ACTIVITY:
Retype exactly the span of lines below from the one with "Nissan Versa 2012" through the one with "8112 Eastern Ave NW — Photo 52". Do not include pictures.

PROVIDED DATA:
──────────

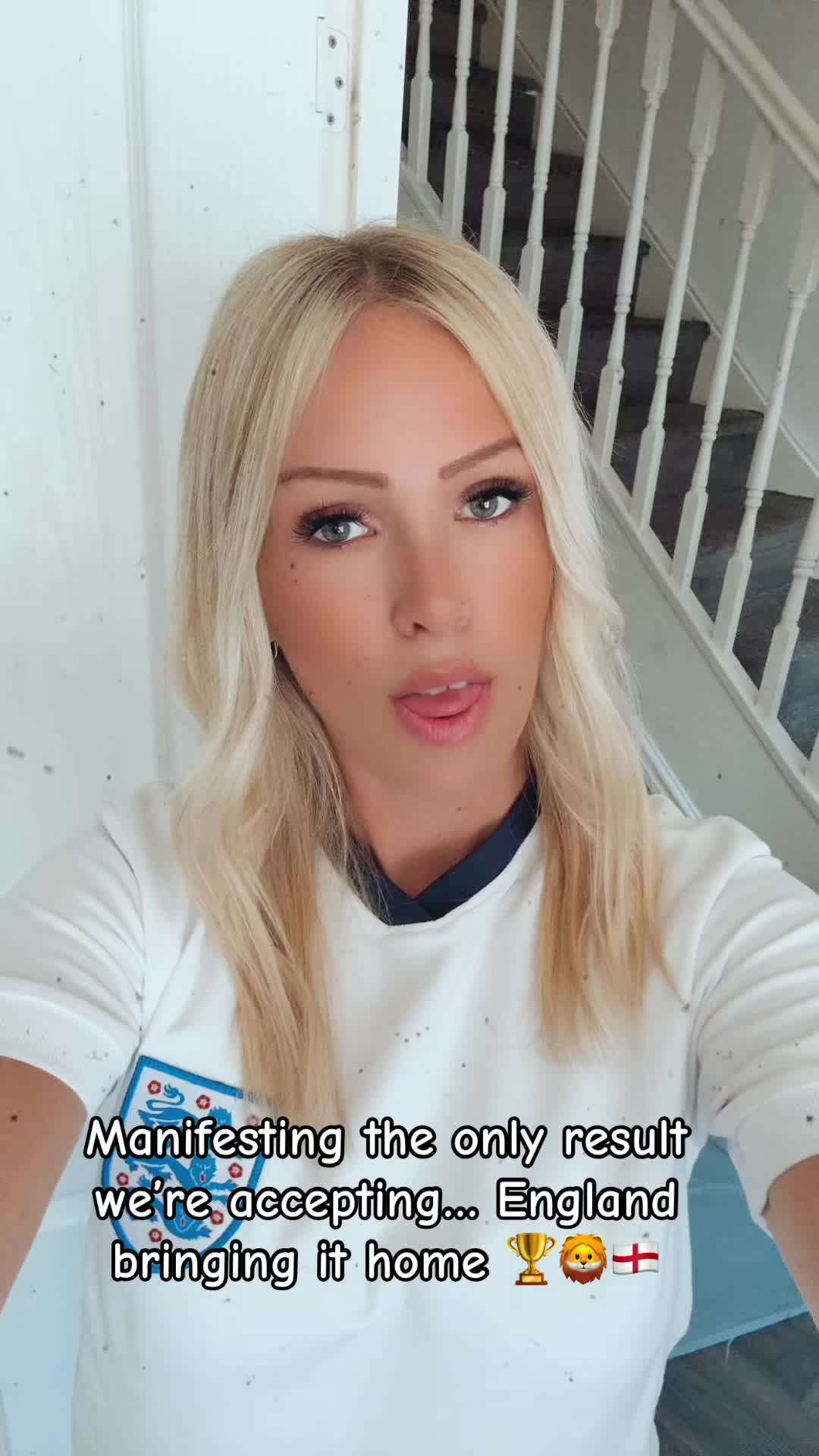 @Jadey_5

──────────

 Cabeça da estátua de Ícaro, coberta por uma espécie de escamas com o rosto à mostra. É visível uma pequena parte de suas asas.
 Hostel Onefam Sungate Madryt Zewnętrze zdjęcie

──────────

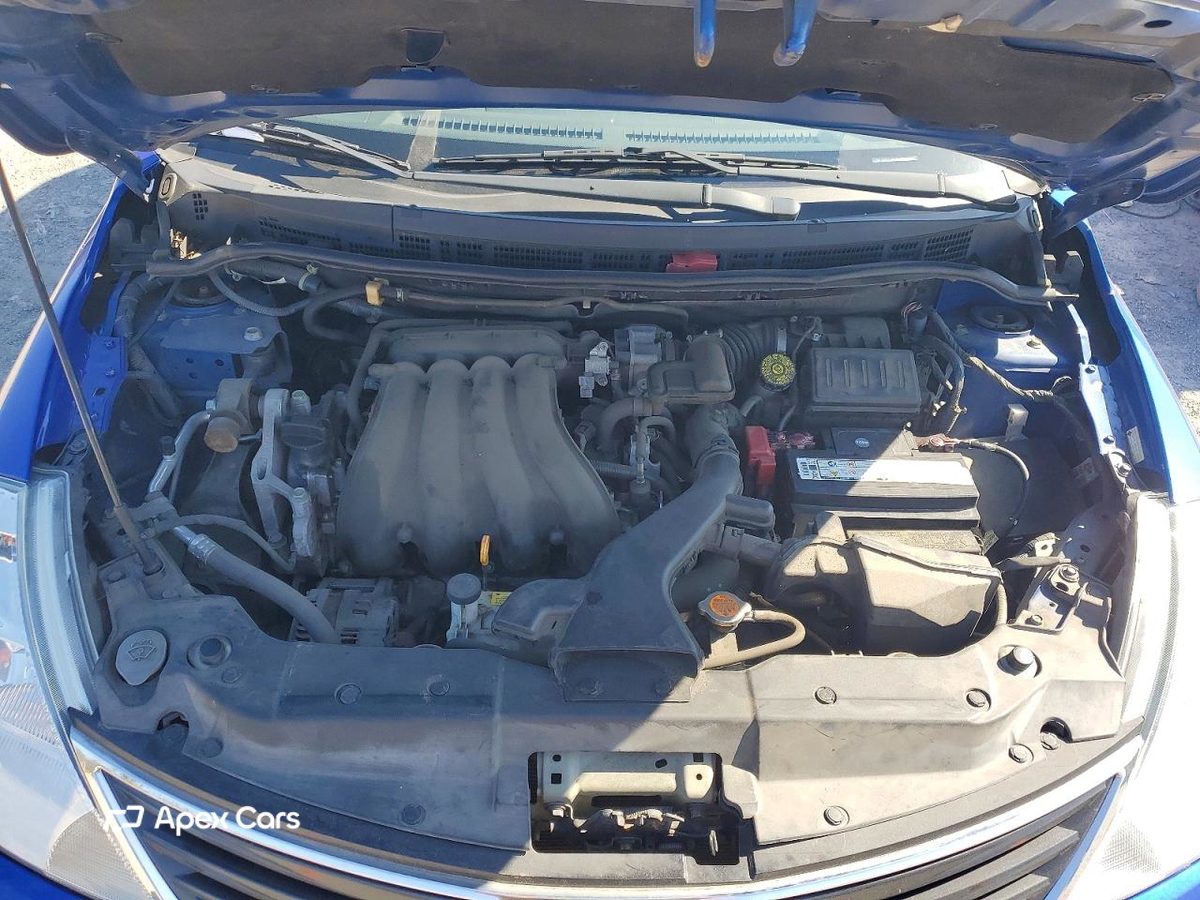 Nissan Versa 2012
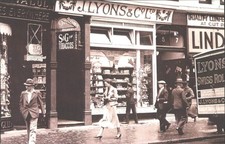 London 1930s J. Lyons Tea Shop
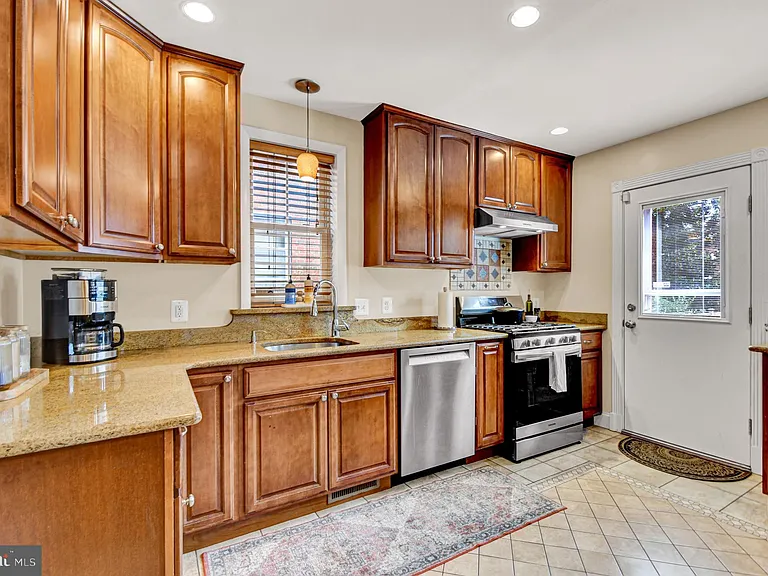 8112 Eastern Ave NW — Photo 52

──────────

EXERCISE RESPONSE:
 Nissan Versa 2012
 London 1930s J. Lyons Tea Shop
 8112 Eastern Ave NW — Photo 52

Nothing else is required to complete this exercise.